REPORTER: So is it more you need to do better what you're already doing or do you need to change more of what you're trying to do right now?

COACH TRESSEL: Do we need to do better of what we're already -- probably we need more of the first thing you said than the second thing.

REPORTER: Do you not feel like defenses are coming up and trying to stop Terrelle.

COACH TRESSEL: Oh, sure.

REPORTER: And making him throw.

COACH TRESSEL: Sure.

REPORTER: Do you feel like you've made.

COACH TRESSEL: A little bit like we did with Barkley. I mean, it's what we do every week. Every week we make sure that there's no way they can just run the ball, whether it's their quarterback who happens to be a runner or their tailback or John Clay or whoever it happens to be, you better not let them trample you with a run because then you have no answers defensively, so, no, I think there's no question about it. Minnesota does a great job of getting extra people in the box. They do a good job pressure-wise, so I'd be shocked if people didn't know what you already know.

REPORTER: Are you making them pay for that enough, do you think?

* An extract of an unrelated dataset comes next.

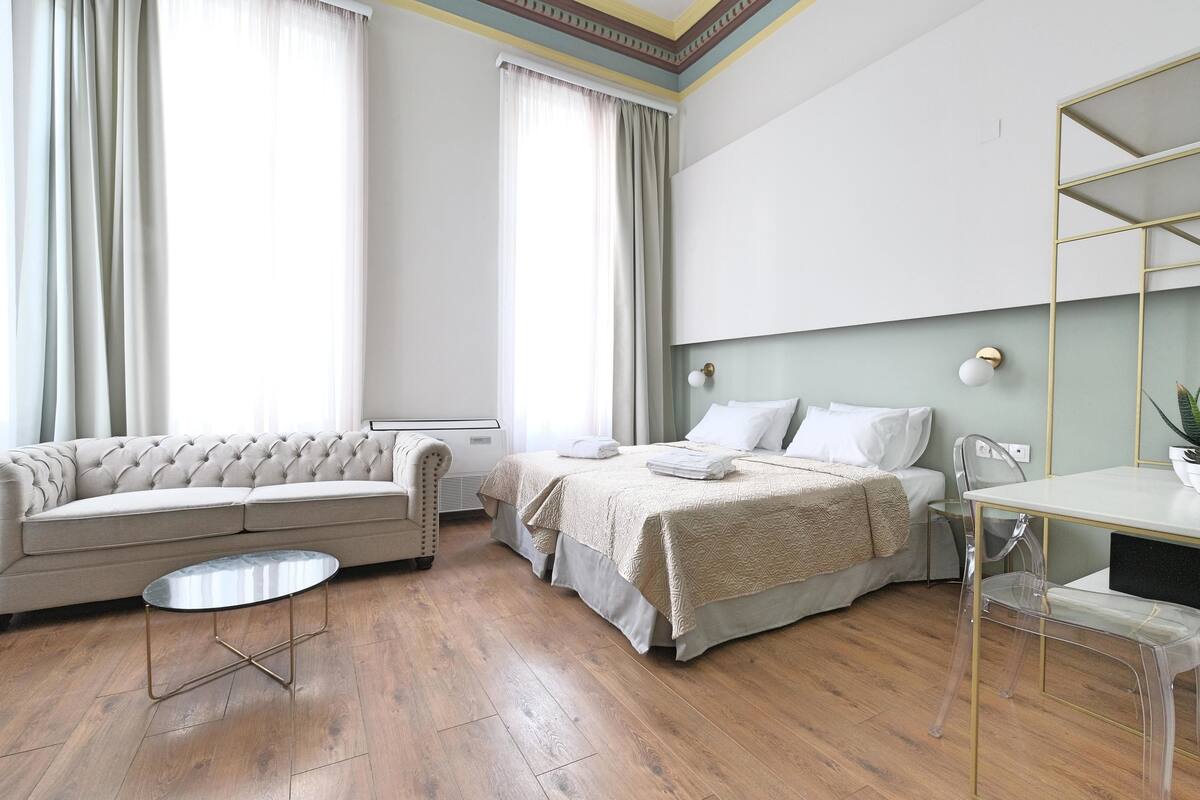 A modern hotel room with a sofa, a bed with a beige bedspread, a clear glass table, and a wooden floor.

COACH TRESSEL: Have we been successful enough doing that? Probably not. I mean, I'm sure if we were, we would have scored a lot more points. I mean, you know the answer to your question.

REPORTER: How big a focal point in practice this week will be eliminating pre-snap penalties? You guys have had a lot of them this year.

COACH TRESSEL: I'll tell you what, that's -- things you can control, and I've always believed that turnovers are a thing you can control. If you really believe that that is a game difference-maker, then you have a chance of minimizing them. You can't -- hey, a ball bounces off, things happen, but if you're a ball carrier and above all else, more important than how many yards you gain is at the end of the play, that ball's still ours, and if you really believe that, then we've got a chance, and that is something that you ought to be able to do regardless of your talent level. Same thing with those penalties that you can control. Above all else, I know where the snap count is, where's the ball heading and what's my job, it's not that difficult. And that's why I say, have we made it too difficult? And so in answer to Doug's question, whatever it was, yeah, we have to get better at what we're doing and make sure we're doing what we ought to be doing.

REPORTER: The deep pass interception, when you reviewed that on film, just off the TV it looked like he had plenty of running room in front of him, is it hesitancy of his to run the ball.

COACH TRESSEL: Which pass interception.

REPORTER: The one he threw deep to Duron, is he not seeing the field? Is he hesitant to run in your study? What did you come back with as a consensus on that play?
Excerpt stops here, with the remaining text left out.